Con el crecimiento de las guerras entre 2022 y 2023, las principales potencias militares elevan en millones sus presupuestos en Defensa y se posicionan en los bandos que protagonizan las distintas guerras en Medio Oriente y Europa. A pesar de que la diplomacia se ve relegada en los tiempos modernos, existen Estados que decidieron no desarrollar sus ejércitos y se mantienen al margen de las acciones bélicas.
¿Por qué hay países que deciden no tener ejército?
Mientras que, para algunos países, la guerra es un negocio del que se puede sacar una ganancia y otros se ven forzados a contar con recursos militares por su ubicación geopolítica, hay Estados que no tienen un ejército por decisión propia.
Algunos de ellos, con un pasado colonial a sus espaldas, delegan la defensa nacional a sus antiguos regentes. Por ejemplo, Aruba lo hace con los Países Bajos; las islas Caimán y otros territorios de ultramar, con el Reino Unido; Polinesia, con Francia; y Groenlandia, con Dinamarca.
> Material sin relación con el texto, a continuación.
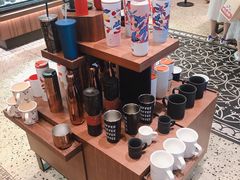 零售区-星巴克臻选(广州沙面店)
Hay otros casos marcados por su neutralidad o intrascendencia en las grandes disputas históricas que tampoco cuentan con un ejército. La Ciudad del Vaticano, si bien es un territorio independiente políticamente y conocido por su relevancia religiosa, no posee una fuerza propia. Aunque no tiene tratado de protección con Italia, informalmente, la responsabilidad por su seguridad recae sobre su vecino.
Otra de las naciones europeas que delegan la defensa es Liechtenstein. En 1868, desfinanciaron el ejército por considerar su mantenimiento demasiado caro y dependen de Austria y Suiza, otro Estado conocido por su posición neutral en las guerras mundiales que asolaron Europa.
El Principado de Andorra, en disputa entre España y Francia, obtuvo su independencia plena recién en la década del 80. Lejos de desprenderse, depende de ambas potencias europeas para su protección. Similar es el caso de Mónaco, que obtuvo su autonomía en el siglo pasado, pero mantiene distintos acuerdos con los franceses para la circulación del euro y la protección.

Islandia y su llamativo vínculo con la OTAN
La situación de Islandia es particular. El exterritorio de las potencias nórdicas y dominio de Dinamarca tuvo su independencia de la corona danesa y su transformación en república en 1944. Por su naturaleza insular y ubicación geográfica, no sufrió grandes conflictos y, por este motivo, no posee Fuerzas Armadas.
Actualmente, forma parte de la Organización del Tratado del Atlántico Norte (OTAN) y le otorga a la alianza de 32 países la responsabilidad de su defensa. Los islandeses son el único miembro de la OTAN en prescindir de sus fuerzas militares.
Costa Rica y Panamá comparten la prohibición constitucional de tener ejército permanente, siendo los únicos países en expresarlo en la Carta Magna. Los costarricenses lo hicieron en 1949, mientras que los panameños lo acordaron en 1994. Ambos delegan la defensa de su territorio terrestre y marítimo a las denominadas Fuerzas Públicas.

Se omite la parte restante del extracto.